**Work required**
All lines from the one containing "Number one, where's" through the end of the data below are to be repeated exactly, with pictures left out.

:::

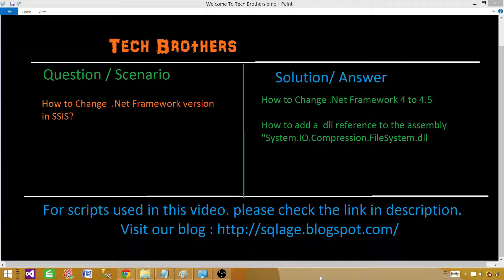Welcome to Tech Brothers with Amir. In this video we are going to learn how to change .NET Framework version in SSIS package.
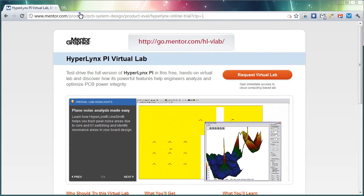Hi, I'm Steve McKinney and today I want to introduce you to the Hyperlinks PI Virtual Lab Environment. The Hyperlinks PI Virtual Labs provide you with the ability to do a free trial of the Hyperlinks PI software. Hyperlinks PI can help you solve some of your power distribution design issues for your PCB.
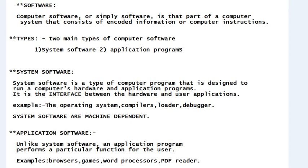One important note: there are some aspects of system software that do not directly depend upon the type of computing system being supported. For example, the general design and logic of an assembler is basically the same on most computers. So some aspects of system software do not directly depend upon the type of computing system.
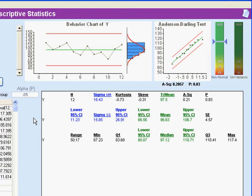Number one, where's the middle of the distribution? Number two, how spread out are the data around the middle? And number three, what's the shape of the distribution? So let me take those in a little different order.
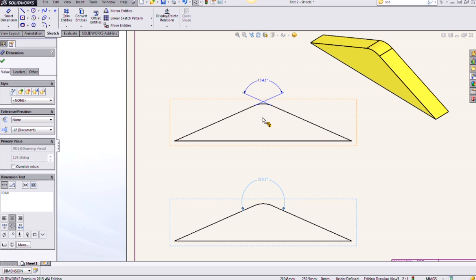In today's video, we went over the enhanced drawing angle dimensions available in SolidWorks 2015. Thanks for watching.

:::

**The answer**
Number one, where's the middle of the distribution? Number two, how spread out are the data around the middle? And number three, what's the shape of the distribution? So let me take those in a little different order.
In today's video, we went over the enhanced drawing angle dimensions available in SolidWorks 2015. Thanks for watching.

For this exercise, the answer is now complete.